92-94, könnte noch zulegen und hat klares Lagerpotential


2018 Tement Sauvignon Blanc Ried Zieregg 

Mittel- bis Goldgelb
Direkt nach dem Öffnen rauchiger Duft mit Noten exotischer Frucht, etwas frisch geschnittenes Gras, Kräuter. Am zweitenn Tag komplexer und sehr animierend. Am vierten Tag unverändert, vielleicht noch etwas intensiver.
Wirkt am Gaumen sehr konzentriert, dabei aber noch weitgehend unentwickelt, wieder dezente Noten eher exotischer Frucht, leicht rauchig, langes, herb-saftiges Finale.
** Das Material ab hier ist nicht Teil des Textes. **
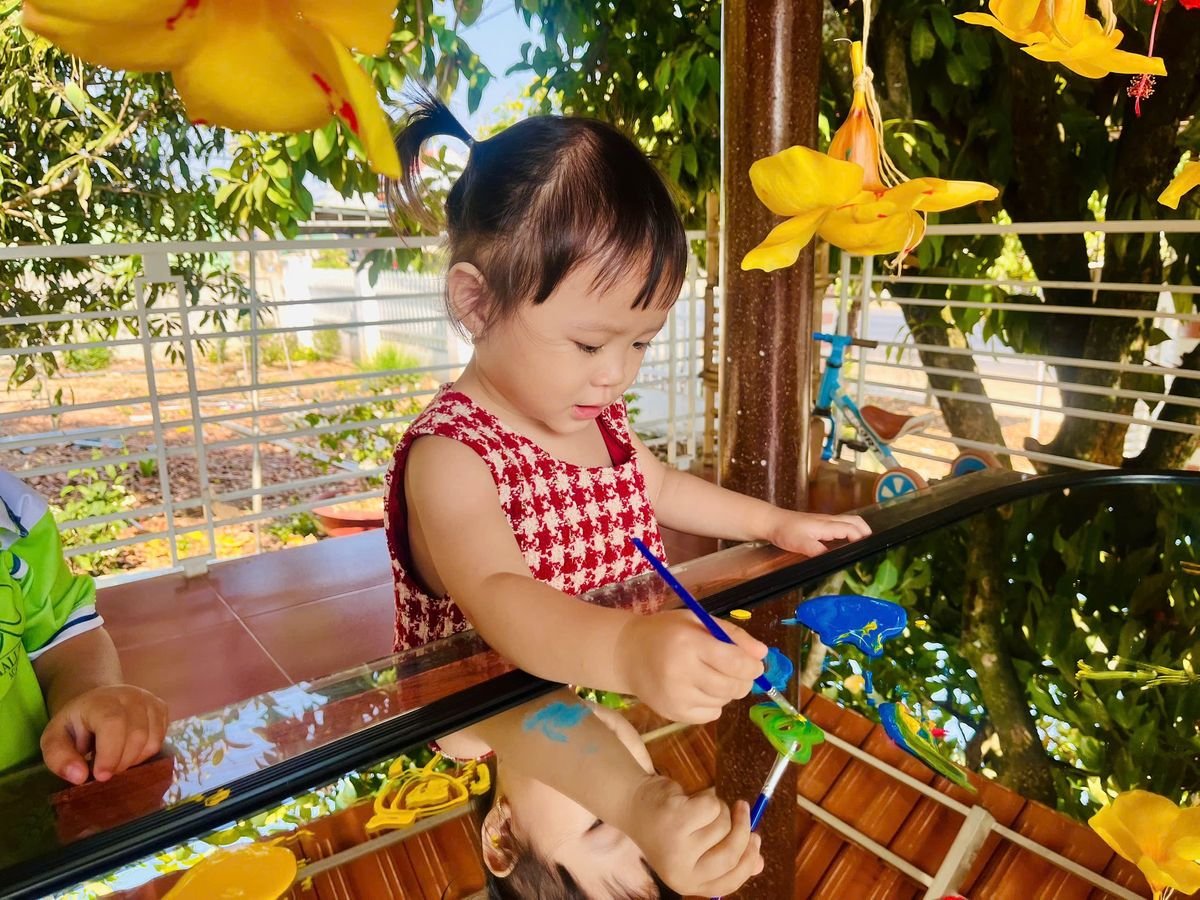 Ảnh hoạt động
92-94, sollte noch ein paar Jahre liegen 


Fazit: Der Signum ist ein hervorragender Sauvignon. Er ist ein "leiser" und sehr feiner Wein mit viel Potential. Wer ihn jetzt schon trinken möchte, sollte ihn unbedingt dekantieren und große Gläser nehmen. Der "Zieregg" ist qualiativ auf ähnlichem Niveau, hat aber einen anderen Charakter, so dass er nicht der ideale Partner war. Wäre der Turmalin in der gleichen Preisklasse wie der Zieregg, so wäre er eine gute, stilistisch unterschiedliche Alternative dazu. Tatsächlich kostet er allerdings etwa dreimal so viel, und da bin jedenfalls ich dann raus.